* Work instruction
The expected output is the full data, repeated exactly, without pictures.
-- Opening Marker --
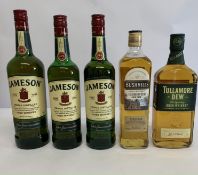 Three Jameson Irish whiskey's 1 x 1ltr, 2 x 700ml, Bushmills Irish whiskey Caribbean Rum cask finish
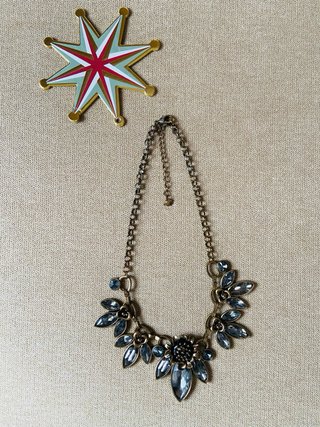 CHOKER COLLAR COBRE CON PIEDRRAS GRISES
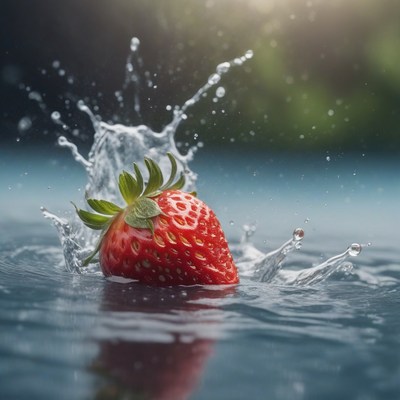 Strawberry splashing in water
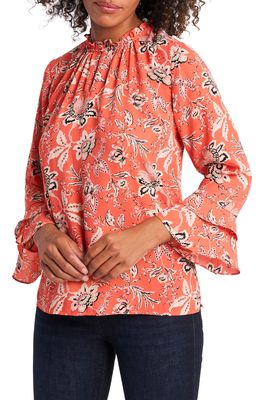 Vince Camuto Antique Floral Toile Ruffle Sleeve Blouse in Coral Blaze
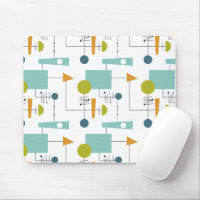 Blue Orange Green Shapes Lines Mid-Century Pattern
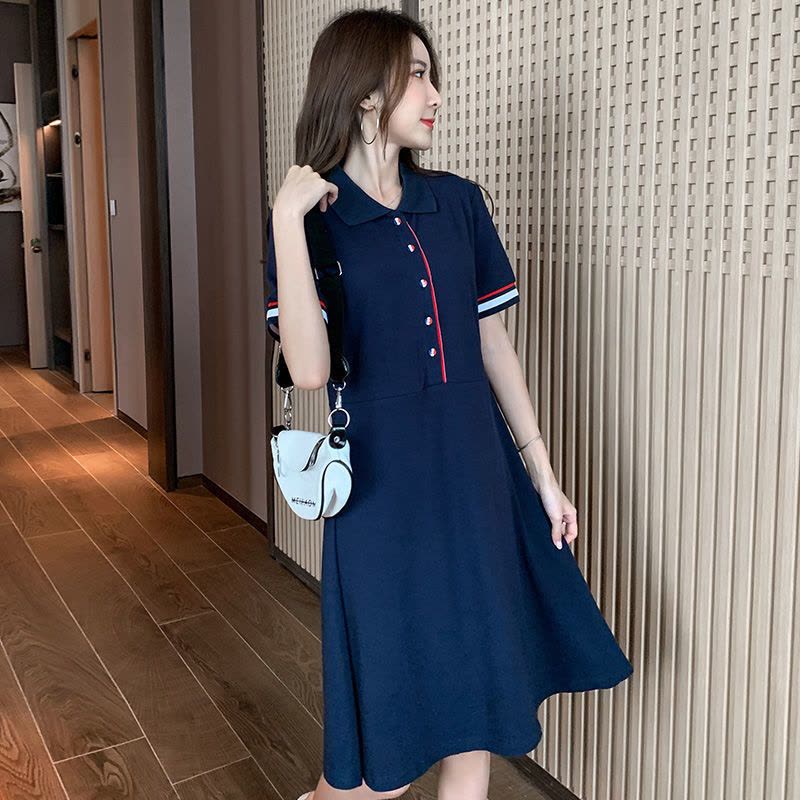 真维斯polo裙连衣裙女夏季2022新款法式学院风a字裙子收腰中长裙图片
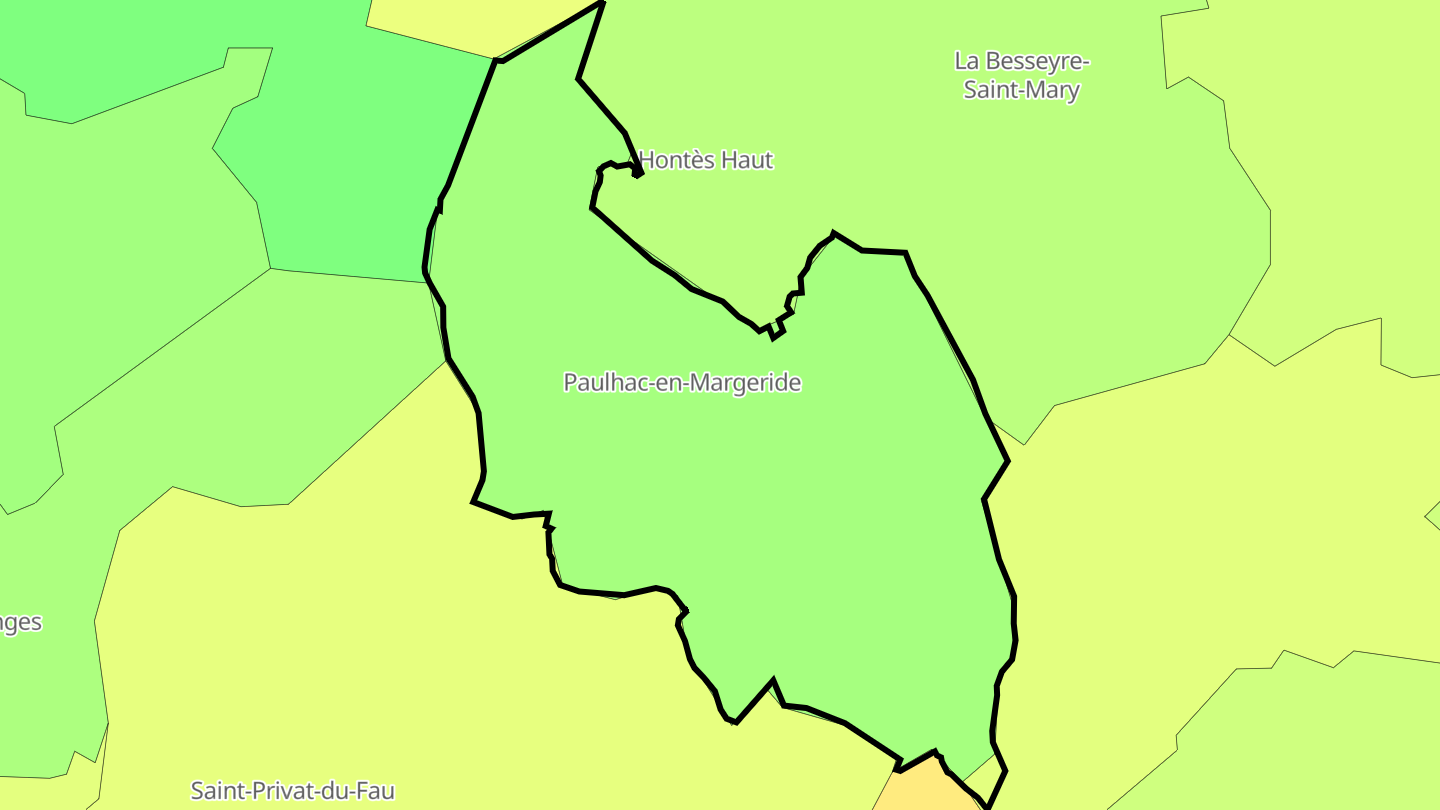 Carte des prix de l'immobilier Paulhac-en-Margeride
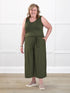 Kavita open back capri jumpsuit for women in Cactus green on model Deb, size XL @Deb-XL 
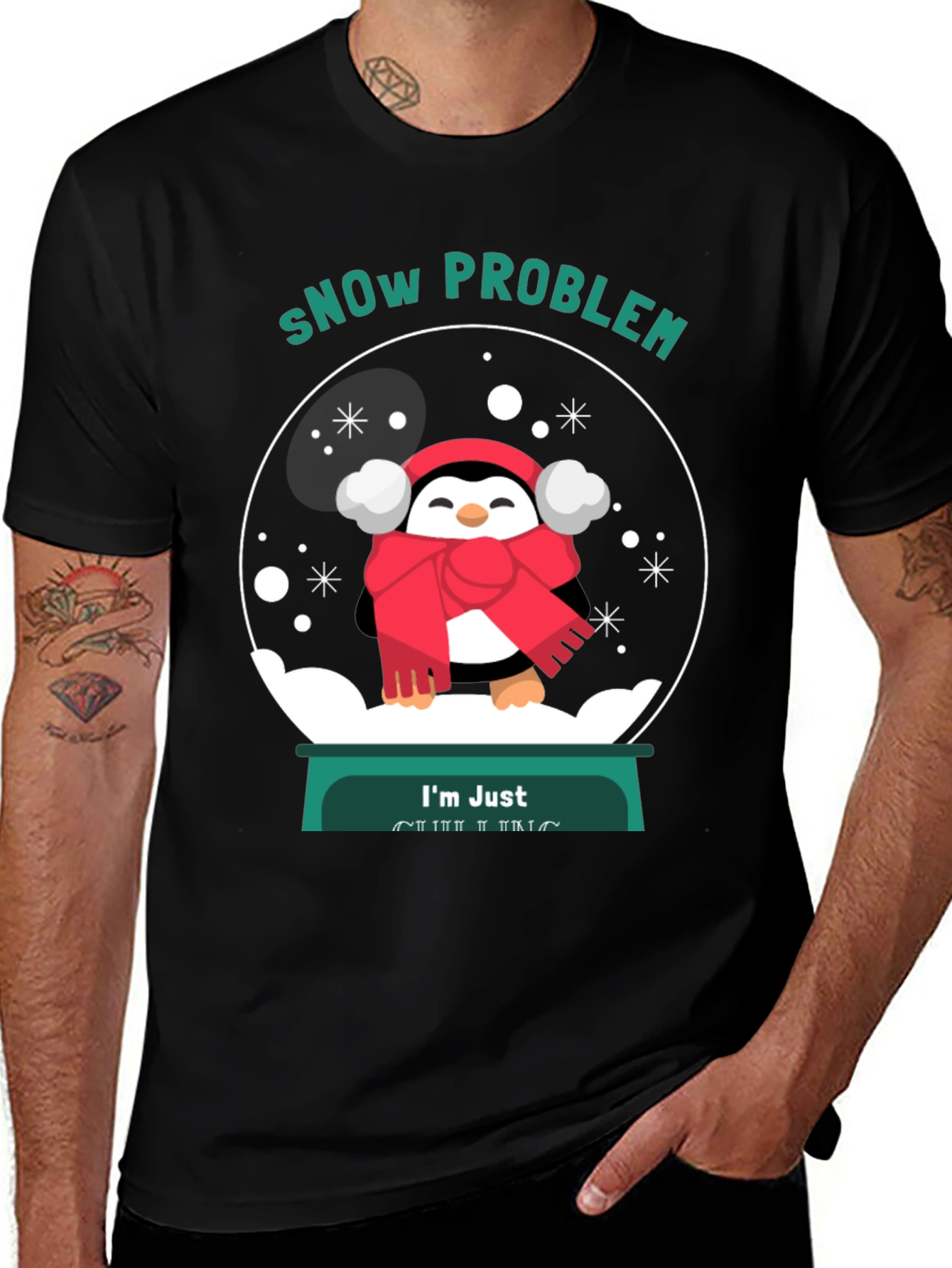 Snow Problem Penguin Graphic Tee - Unisex
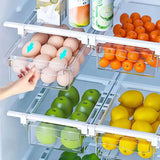 CoolStack Kühlschrank-Schiebebox mit Unterregal-System – Transparente Frischhalte- und Ordnungsbox für Obst, Gemüse & Eier | Platzsparender Kühlschrank-Organizer mit Auszugsschublade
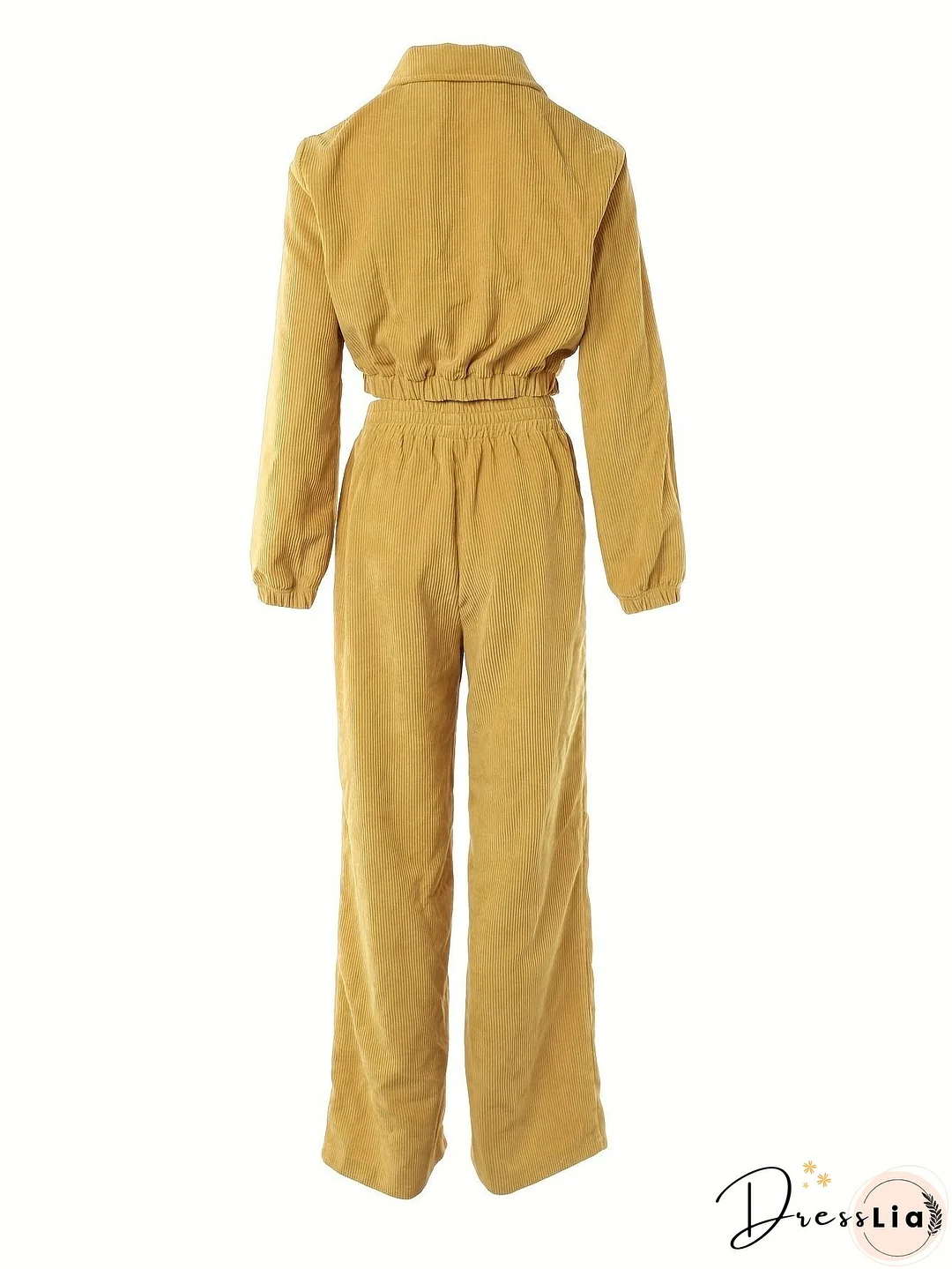 Casual Corduroy Two-piece Set, Zip Up Crop Top & Pants Outfits, Women's Clothing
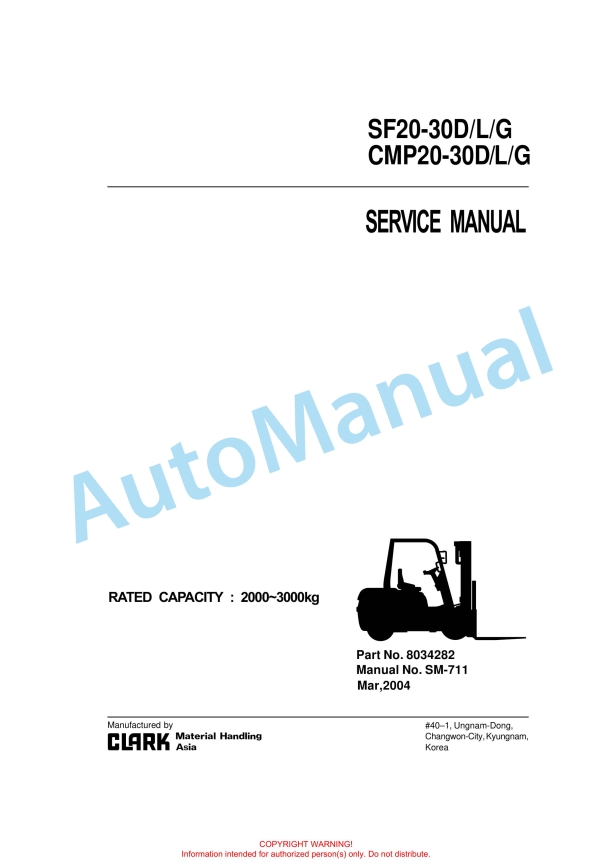Clark SF20-30D, L, G, CMP20-30D, L, G Service Manual SM-711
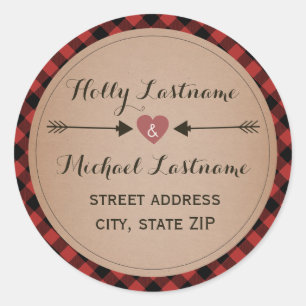 Plaid Heart With Arrows Address Classic Round Sticker
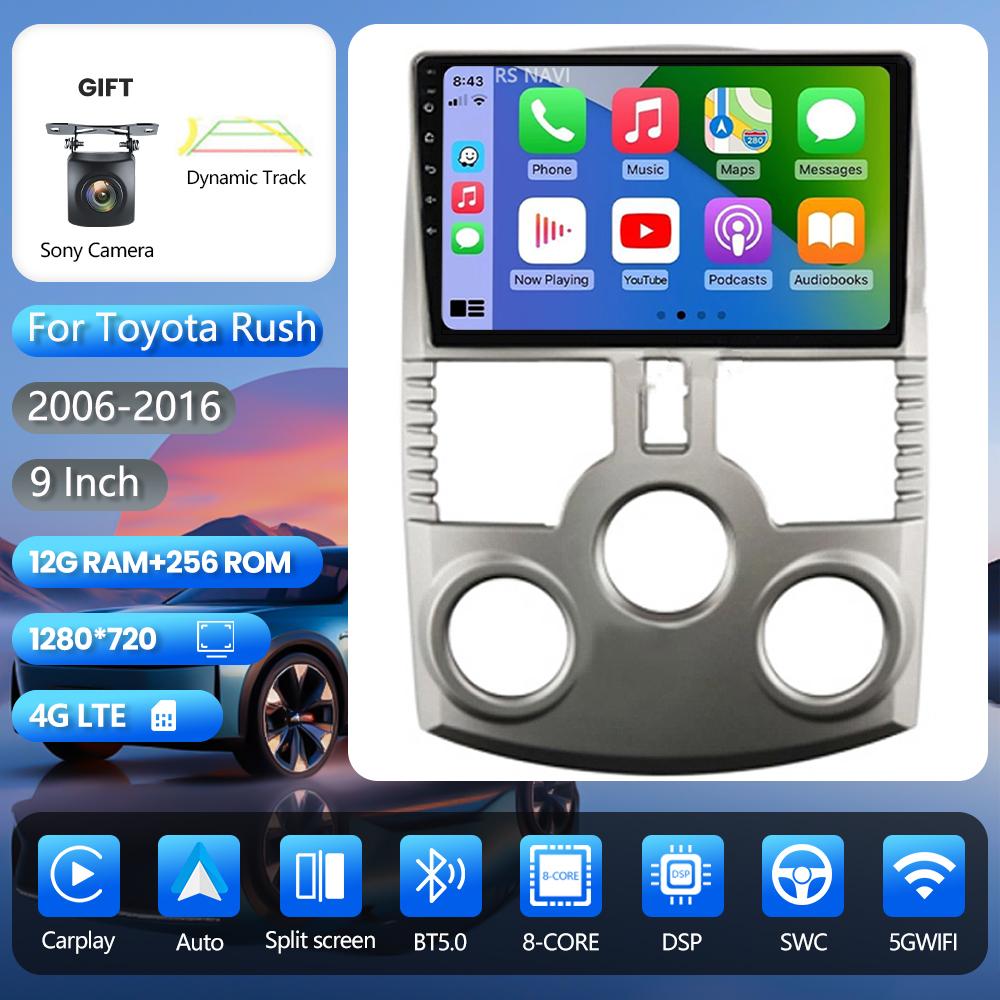 Autoradio Stéréo Android 16 pour Toyota Rush DAIHATSU TERIOS 2006-2016 avec Carplay Auto, Unité Centrale Stéréo RHD Snapdragon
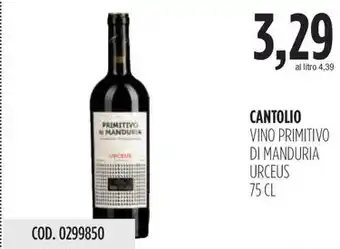 Carico Cash & Carry CANTOLIO VINO PRIMITIVO DI MANDURIA URCEUS 75 CL offerta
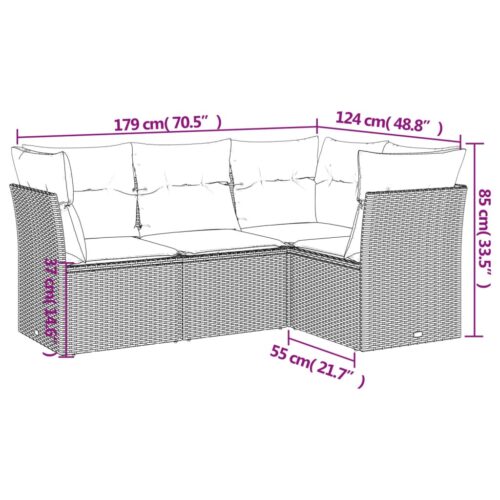 4-Piece Garden Sofa Set with Cushions Outdoor Patio Wicker Lounge Chairs Furniture - Image 3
-- Closing Marker --
* Solution to this problem
 Three Jameson Irish whiskey's 1 x 1ltr, 2 x 700ml, Bushmills Irish whiskey Caribbean Rum cask finish
 CHOKER COLLAR COBRE CON PIEDRRAS GRISES
 Strawberry splashing in water
 Vince Camuto Antique Floral Toile Ruffle Sleeve Blouse in Coral Blaze
 Blue Orange Green Shapes Lines Mid-Century Pattern
 真维斯polo裙连衣裙女夏季2022新款法式学院风a字裙子收腰中长裙图片
 Carte des prix de l'immobilier Paulhac-en-Margeride
 Kavita open back capri jumpsuit for women in Cactus green on model Deb, size XL @Deb-XL 
 Snow Problem Penguin Graphic Tee - Unisex
 CoolStack Kühlschrank-Schiebebox mit Unterregal-System – Transparente Frischhalte- und Ordnungsbox für Obst, Gemüse & Eier | Platzsparender Kühlschrank-Organizer mit Auszugsschublade
 Casual Corduroy Two-piece Set, Zip Up Crop Top & Pants Outfits, Women's Clothing
Clark SF20-30D, L, G, CMP20-30D, L, G Service Manual SM-711
 Plaid Heart With Arrows Address Classic Round Sticker
 Autoradio Stéréo Android 16 pour Toyota Rush DAIHATSU TERIOS 2006-2016 avec Carplay Auto, Unité Centrale Stéréo RHD Snapdragon
 Carico Cash & Carry CANTOLIO VINO PRIMITIVO DI MANDURIA URCEUS 75 CL offerta
 4-Piece Garden Sofa Set with Cushions Outdoor Patio Wicker Lounge Chairs Furniture - Image 3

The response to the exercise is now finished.